There were a few topics of how to build scalable software (Clean Architecture) – not in the traditional scalable though. Scalable in more of a human aspect – being organised, maintaining the separation, and documenting code in a way where you can maintain it in the future.
Do you know exactly where to look in the project to add a feature?
How confident are you that it’s working as expected?
Empowering teams to have autonomy
As teams grow managing those teams can be challenging, one business/startup explained how they allowed separate development teams to deploy straight to production without stakeholder approval, as long as the code had a fast rollback policy, and that the teams could demonstrate the codes effectiveness – this empowered the teams to deliver faster, and engage with what the user wanted faster.
Customer first.
Stripe discussed how their team used every opportunity to engage and speak with their customers, understand how they want to use technology and to make it as easy as possible to make technology accessible.

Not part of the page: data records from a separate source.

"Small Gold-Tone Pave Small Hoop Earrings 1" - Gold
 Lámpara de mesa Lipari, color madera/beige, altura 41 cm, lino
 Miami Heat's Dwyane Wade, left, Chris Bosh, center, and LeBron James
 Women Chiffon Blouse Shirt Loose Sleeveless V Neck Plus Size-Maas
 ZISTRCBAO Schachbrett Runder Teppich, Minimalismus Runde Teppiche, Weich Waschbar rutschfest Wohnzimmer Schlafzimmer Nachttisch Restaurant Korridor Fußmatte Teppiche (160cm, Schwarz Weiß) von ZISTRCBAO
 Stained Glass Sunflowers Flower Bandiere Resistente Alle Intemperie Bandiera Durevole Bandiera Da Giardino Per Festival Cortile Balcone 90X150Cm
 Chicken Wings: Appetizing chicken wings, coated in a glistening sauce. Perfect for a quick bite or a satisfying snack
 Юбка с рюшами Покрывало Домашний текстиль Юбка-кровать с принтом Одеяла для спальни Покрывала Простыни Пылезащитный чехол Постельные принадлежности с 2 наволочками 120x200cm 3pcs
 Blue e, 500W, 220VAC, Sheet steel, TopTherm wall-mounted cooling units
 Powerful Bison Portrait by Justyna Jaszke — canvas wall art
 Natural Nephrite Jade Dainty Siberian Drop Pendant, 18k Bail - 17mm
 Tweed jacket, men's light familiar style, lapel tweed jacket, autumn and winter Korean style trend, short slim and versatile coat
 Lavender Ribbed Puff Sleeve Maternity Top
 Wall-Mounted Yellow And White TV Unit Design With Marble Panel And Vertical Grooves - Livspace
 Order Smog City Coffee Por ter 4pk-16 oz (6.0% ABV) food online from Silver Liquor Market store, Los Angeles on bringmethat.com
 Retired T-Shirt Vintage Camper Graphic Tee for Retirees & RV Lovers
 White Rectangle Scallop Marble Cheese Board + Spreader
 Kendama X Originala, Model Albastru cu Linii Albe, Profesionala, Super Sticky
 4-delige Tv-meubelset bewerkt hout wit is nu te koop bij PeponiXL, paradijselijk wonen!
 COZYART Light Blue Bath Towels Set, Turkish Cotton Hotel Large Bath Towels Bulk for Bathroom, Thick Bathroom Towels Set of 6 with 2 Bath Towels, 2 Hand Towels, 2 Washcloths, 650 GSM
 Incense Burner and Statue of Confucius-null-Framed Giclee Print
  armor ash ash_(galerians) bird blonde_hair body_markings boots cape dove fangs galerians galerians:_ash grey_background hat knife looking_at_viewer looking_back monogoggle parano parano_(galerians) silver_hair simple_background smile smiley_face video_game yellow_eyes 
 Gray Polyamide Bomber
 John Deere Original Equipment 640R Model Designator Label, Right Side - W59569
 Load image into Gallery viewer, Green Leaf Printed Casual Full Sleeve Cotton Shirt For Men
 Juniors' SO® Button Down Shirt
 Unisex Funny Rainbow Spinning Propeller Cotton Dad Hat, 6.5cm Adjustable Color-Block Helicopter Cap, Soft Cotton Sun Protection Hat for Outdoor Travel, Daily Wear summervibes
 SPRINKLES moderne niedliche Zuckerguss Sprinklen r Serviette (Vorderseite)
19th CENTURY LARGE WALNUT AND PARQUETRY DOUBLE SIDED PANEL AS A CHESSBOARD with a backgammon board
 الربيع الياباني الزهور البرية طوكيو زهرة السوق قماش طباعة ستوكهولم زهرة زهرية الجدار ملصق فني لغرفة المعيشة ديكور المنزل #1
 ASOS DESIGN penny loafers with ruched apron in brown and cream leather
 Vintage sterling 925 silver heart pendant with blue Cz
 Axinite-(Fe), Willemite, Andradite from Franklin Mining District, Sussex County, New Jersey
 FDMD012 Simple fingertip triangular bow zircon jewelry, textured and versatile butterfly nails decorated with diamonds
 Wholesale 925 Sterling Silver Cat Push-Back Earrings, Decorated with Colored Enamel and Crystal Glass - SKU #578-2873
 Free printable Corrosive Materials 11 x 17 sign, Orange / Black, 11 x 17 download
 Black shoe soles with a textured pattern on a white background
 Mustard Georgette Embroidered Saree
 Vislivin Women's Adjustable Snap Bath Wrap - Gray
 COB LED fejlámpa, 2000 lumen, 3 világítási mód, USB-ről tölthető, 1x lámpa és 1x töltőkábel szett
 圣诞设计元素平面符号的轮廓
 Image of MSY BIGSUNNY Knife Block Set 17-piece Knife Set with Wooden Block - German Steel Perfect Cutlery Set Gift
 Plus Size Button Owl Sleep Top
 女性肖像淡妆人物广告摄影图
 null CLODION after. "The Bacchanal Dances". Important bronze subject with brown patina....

They described they got it wrong a few times, and needed to rebuild as they grew, but they felt it was the core values of the business that made it the business that it is today.
Open source licences and commercialisation
Sentry.io has recently become a commercial platform, evolved from open source. One of their developers explained how open source can be a struggle, but that the struggle can be worth it. Providing tools are technology open source can lead to a successful business model, which doesn’t always involve money.
The origin of C++ is not that dissimilar to typescript!
We learned about the creation of C++ bak in 1979, and that its goals were stronger type checking, classes with zero overhead. It was interesting to see a technology that was expected not to live on, has become a software platform which is used in many devices, including those in space.
Likewise I felt there was similarities with javascript and typescript. It’ll be interesting to see how this develops further. (Ok typescript isn’t exactly c++ but there are similarities in the evolution)
Privacy – and social engineering.
Nord had an interesting talk on security, describing that one of the largest challenges in privacy is not technology its social engineering.
Our employers can easily ask for a change in software, which can lead to mining data – developers and stakeholders should consider the future ethical impact of such changes and how something trivial could result in tracking data which could be considered un-ethical.
Gen-Z are technology adopters, and technology often comes before considering what that technology is doing. We need to stop and think and be clear on the intentions as software evolves to think, are peoples privacy being compromised?
Travel
Eurowings described how they refactored their front end code base, and described that legacy isn’t necessary legacy, well understood legacy can still play a part.
They described how they used design sprints using a double diamond approach to prioritisation, then delivered in sprints.
Evolution of adopted software (development)
Laurie from Netlify, described how software evolves, and how a market leader evolves following an iterative cycle – it was an interesting presentation, which then predicted that the next generation of software tools would be evolving as WYSIWYG style editors (as Tim Berners-Lee had intended with the wide world web). – almost everything would be abstracted leaving very little code to write, it could be consumed almost like a drag and drop eco system.
Javascript is snarling up the web experience
Qwik has developed a platform which off-loads javascript and loads it in , via a JIT mechanism, allowing site to load in ms, without needing to load the javascript at all until a component which required it was needed or visible. – This was an impressive demo.
AI World Models
There was a demonstration on how AI world models (real world models which have consumed large datasets – see here and here) once trained it can predict and answer in an almost sentient way (albeit slightly wrong). The advances in context and conversational is enabling AI to develop at deriving language context, and can answer questions in a natural almost human way.
IE is dead, RIP
The browser that had 90% share, is no more. long live IE.